Many people seem to think that COVID-19 has exposed the vulnerability of global value chains and that local production can increase their resilience. This is not what the evidence suggests.
The most International value chain according to the OECD Trade in Value Added (TiVA) database is ICT & electronics. If foreign sourcing was an important risk, it should be the most vulnerable.
The ICT & electronics industry is familiar with supply chain disruptions related to natural disasters (floods in Thailand or tsunami in Japan in 2011). It is often under pressure when for example the latest smartphone is launched. Still it is very resilient.
The most impacted industries in the current crisis are services, starting with hotels and restaurants and transport, where value chains are less international. They are vulnerable because they rely on the movement of people.
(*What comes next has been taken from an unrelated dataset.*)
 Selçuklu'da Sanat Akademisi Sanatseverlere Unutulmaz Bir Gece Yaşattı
Vulnerable industries in the manufacturing sector are those leaning towards local production (food and textile). They have perishable products or shorter production cycles making them more vulnerable to delays and supply disruptions.
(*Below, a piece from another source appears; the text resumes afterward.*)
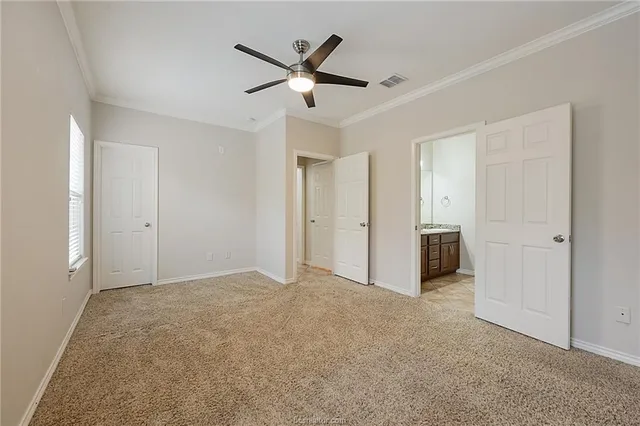 a view of a livingroom with a ceiling fan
Companies that have the objective to locally source all inputs are more vulnerable. They have to find suppliers in sectors where their economy has no comparative advantage. These suppliers are by definition rare and small firms that struggle to be profitable.
Moreover, firms that are purely domestic cannot spread risks over suppliers located in different countries. They do not have a network of foreign affiliates to reorganise production when one of their locations is affected by a crisis.
Global value chains are part of the strategy of firms to be more resilient. This will not change after the COVID-19 crisis to the extent that government policies still allow companies to best manage their risks.